MATERIAL FOR THIS EXERCISE below:

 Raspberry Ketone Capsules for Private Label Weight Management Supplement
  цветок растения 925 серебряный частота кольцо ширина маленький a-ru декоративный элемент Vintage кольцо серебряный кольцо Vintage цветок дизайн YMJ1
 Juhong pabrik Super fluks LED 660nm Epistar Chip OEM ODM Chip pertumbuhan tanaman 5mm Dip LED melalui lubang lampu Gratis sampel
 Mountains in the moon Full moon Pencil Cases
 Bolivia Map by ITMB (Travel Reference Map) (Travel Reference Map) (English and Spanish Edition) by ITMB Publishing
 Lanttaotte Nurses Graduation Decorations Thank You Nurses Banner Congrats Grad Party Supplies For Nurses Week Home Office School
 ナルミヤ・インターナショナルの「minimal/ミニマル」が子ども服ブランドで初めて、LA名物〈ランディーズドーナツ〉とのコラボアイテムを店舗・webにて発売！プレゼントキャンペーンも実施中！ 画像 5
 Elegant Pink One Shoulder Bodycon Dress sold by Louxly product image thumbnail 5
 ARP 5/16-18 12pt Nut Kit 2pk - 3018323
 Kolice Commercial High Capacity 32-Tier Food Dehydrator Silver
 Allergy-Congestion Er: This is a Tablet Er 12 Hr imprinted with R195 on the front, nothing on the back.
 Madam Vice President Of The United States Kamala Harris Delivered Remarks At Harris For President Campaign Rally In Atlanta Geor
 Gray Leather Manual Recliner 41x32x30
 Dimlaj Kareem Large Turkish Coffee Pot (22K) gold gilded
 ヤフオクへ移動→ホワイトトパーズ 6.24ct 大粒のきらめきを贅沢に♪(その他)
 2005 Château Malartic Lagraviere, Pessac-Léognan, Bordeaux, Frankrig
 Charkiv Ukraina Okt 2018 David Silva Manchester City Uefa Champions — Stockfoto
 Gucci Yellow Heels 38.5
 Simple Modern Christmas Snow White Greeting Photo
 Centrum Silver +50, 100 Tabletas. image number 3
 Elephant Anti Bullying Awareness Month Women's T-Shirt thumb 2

End of MATERIAL FOR THIS EXERCISE.

__EXERCISE DIRECTIONS__
All lines from the one containing "ARP 5/16-18 12pt Nut Kit 2pk - 3018323" through the end of the listing must be transcribed exactly. No other lines belong in the answer.

__OUTPUT FOR THIS TASK__
 ARP 5/16-18 12pt Nut Kit 2pk - 3018323
 Kolice Commercial High Capacity 32-Tier Food Dehydrator Silver
 Allergy-Congestion Er: This is a Tablet Er 12 Hr imprinted with R195 on the front, nothing on the back.
 Madam Vice President Of The United States Kamala Harris Delivered Remarks At Harris For President Campaign Rally In Atlanta Geor
 Gray Leather Manual Recliner 41x32x30
 Dimlaj Kareem Large Turkish Coffee Pot (22K) gold gilded
 ヤフオクへ移動→ホワイトトパーズ 6.24ct 大粒のきらめきを贅沢に♪(その他)
 2005 Château Malartic Lagraviere, Pessac-Léognan, Bordeaux, Frankrig
 Charkiv Ukraina Okt 2018 David Silva Manchester City Uefa Champions — Stockfoto
 Gucci Yellow Heels 38.5
 Simple Modern Christmas Snow White Greeting Photo
 Centrum Silver +50, 100 Tabletas. image number 3
 Elephant Anti Bullying Awareness Month Women's T-Shirt thumb 2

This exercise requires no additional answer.